→ Required work
Only the lines from the one with "2Forge ZF1 Alloy" through the final line below belong in the answer, copied exactly and without pictures.

→ Given material
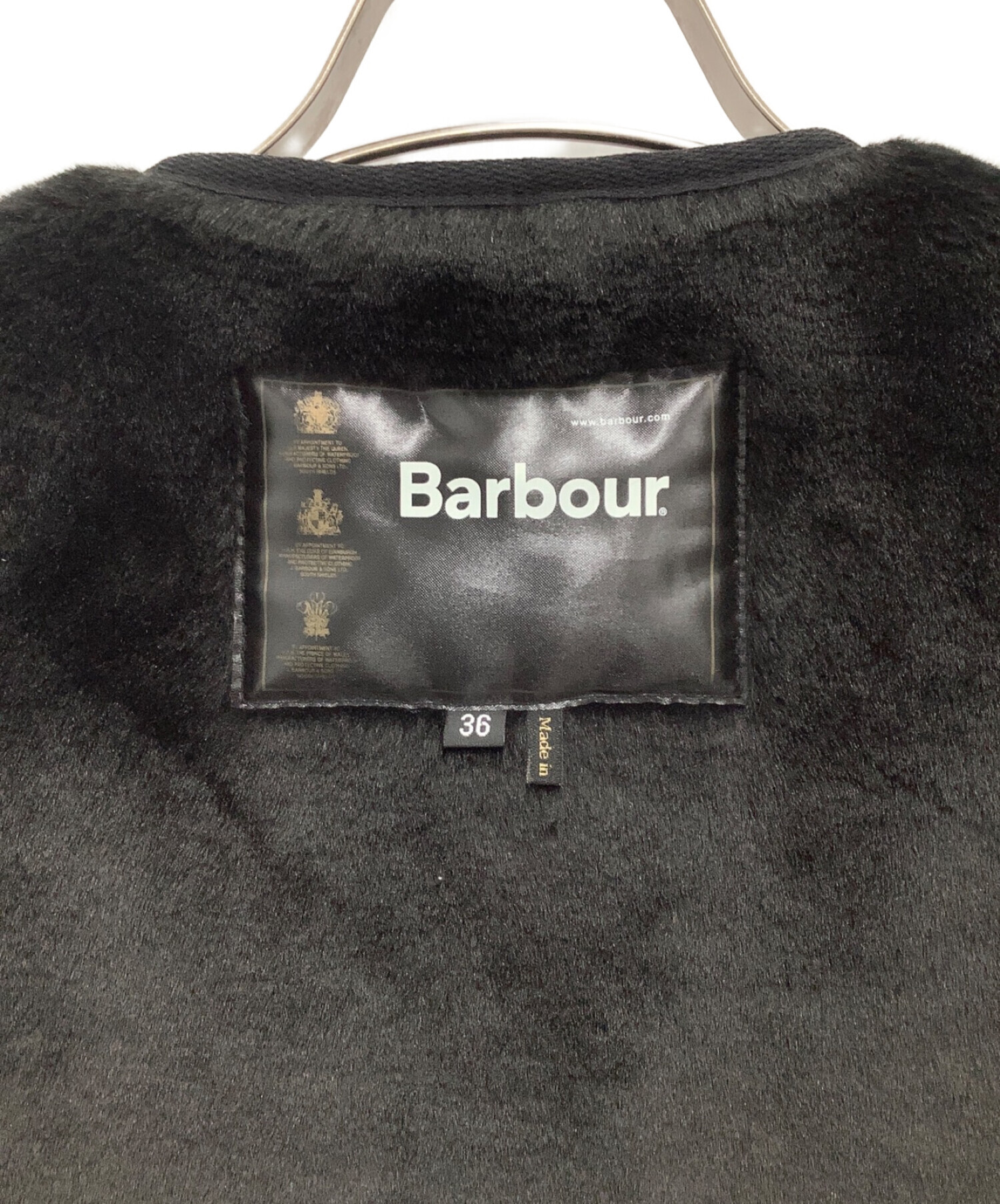 中古・古着通販】Barbour (バブアー) ライナーファーベスト ブラック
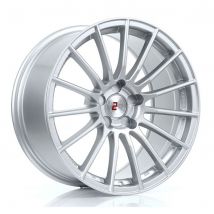 2Forge ZF1 Alloy Wheels In Silver Set Of 4 - 17X8 Inch ET35 5X110 PCD 76mm Centre Bore Silver, Silver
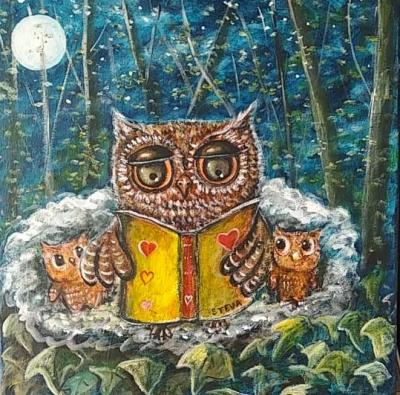 Raconte moi une histoire acrylique sur toile 30x30 cm 2024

→ Written answer
 2Forge ZF1 Alloy Wheels In Silver Set Of 4 - 17X8 Inch ET35 5X110 PCD 76mm Centre Bore Silver, Silver
 Raconte moi une histoire acrylique sur toile 30x30 cm 2024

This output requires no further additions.